The incidence of melanoma skin cancer has doubled in the U.S. in the last 30 years, and will rise unless Americans take more precautions to protect themselves from dangerous UV rays. Fortunately, Melanomas account for only 2% of skin cancers, according to the National Cancer Institute. Dr. Kormeili, Santa Monica dermatologist, discusses the risk factors and treatment options for melanoma.

Other skin cancers that are more common include Basal Cell Skin Cancer and Squamous Cell Skin Cancer. While usually locally invasive only, they are important to detect and treat.

 Risk Factors For Skin Cancers

Anything that increases your chance of getting cancer, is a risk factor. There are certain risk factors we can’t change, like family history and genetics. Other risk factors such as excessive sun exposure are within our control.
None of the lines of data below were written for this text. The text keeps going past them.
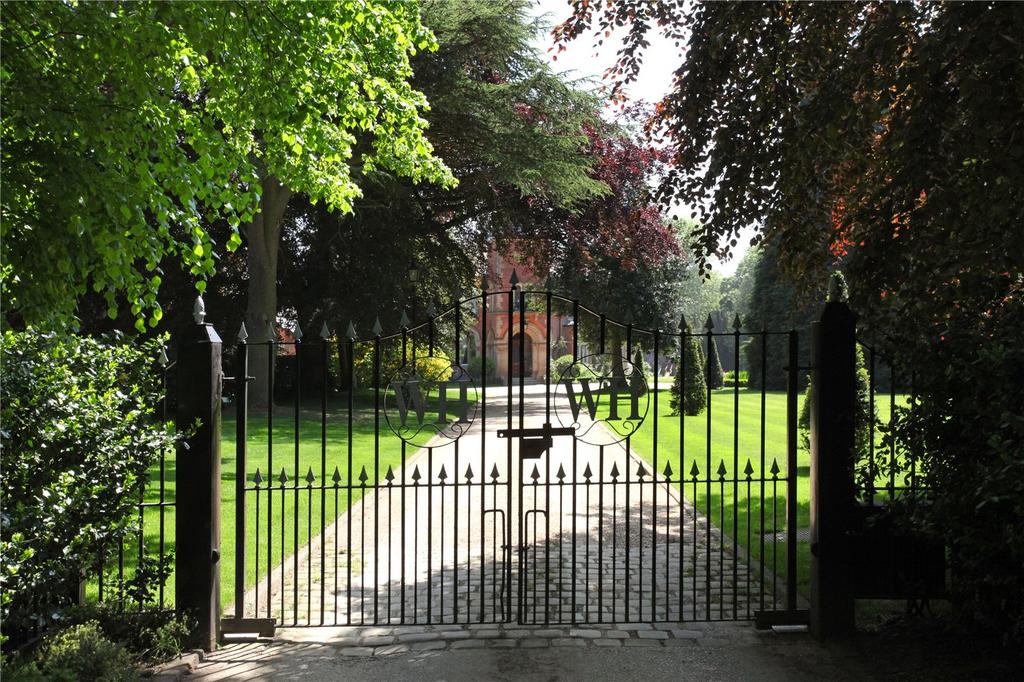 Entrance Gates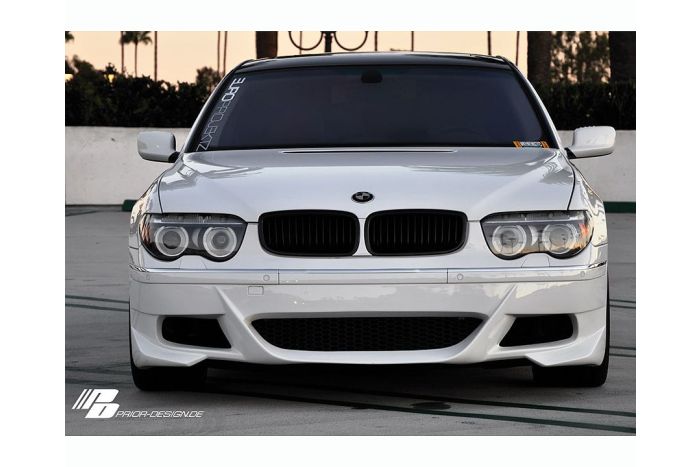 E65/66 Prior Design front bumper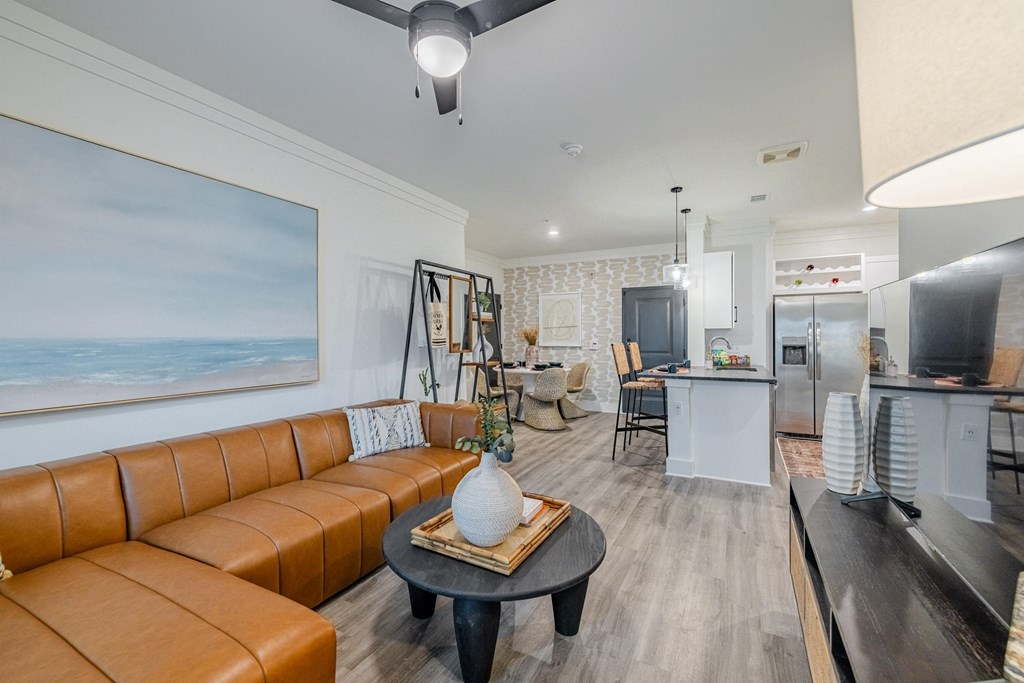 Botanic Luxury Apartments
Being exposed to ultraviolet rays (UV rays) is that most important risk factor that you can control. In fact, UV rays are the major risk factor for most melanomas. While sunlight is the main source of UV radiation, tanning beds and sun lamps also provide risks. Check out the risks associations with tanning beds.

Early Detection Is Key

Dr. Kormeili advises all her patients to schedule routine exams in the office.  It’s also important to be protect your skin from excess sun and artificial UV rays.

She additionally recommends that they all do skin self-exams. Let’s discuss how to do a proper skin exam at home.
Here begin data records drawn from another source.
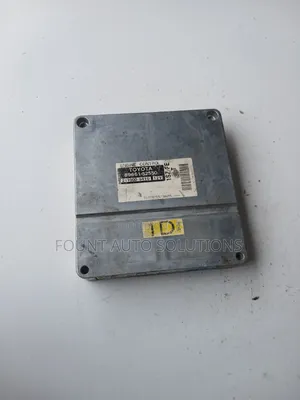 Engine Control Unit 1NZ Toyota Ist 2004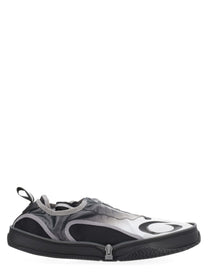 Balenciaga Men's Sneaker Pocket Gradient White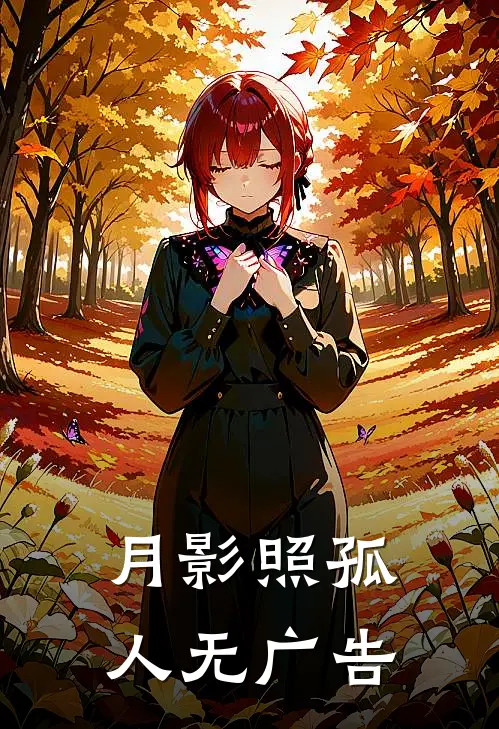 月影照孤人无广告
  1. Stand in front of a full-length mirror in a well-lit room. It’s hard to see details in poor lighting. You can also use a hand-held mirror to look at hard to see areas (such as the back of your legs).
  2. You can ask a spouse, family member, or close friend to help you, especially with those hard to see areas such as your back and scalp.
  3. The first time you do a self skin exam, take your time and carefully go over the entire surface. Become familiar with any moles, blemishes, freckles, or other marks so you can tell if it changes.
  4. Take pictures of any molds  or other marks so that you can recheck those moles for possible changes.
  5. Of course, it’s important to show your doctor any areas that concern you.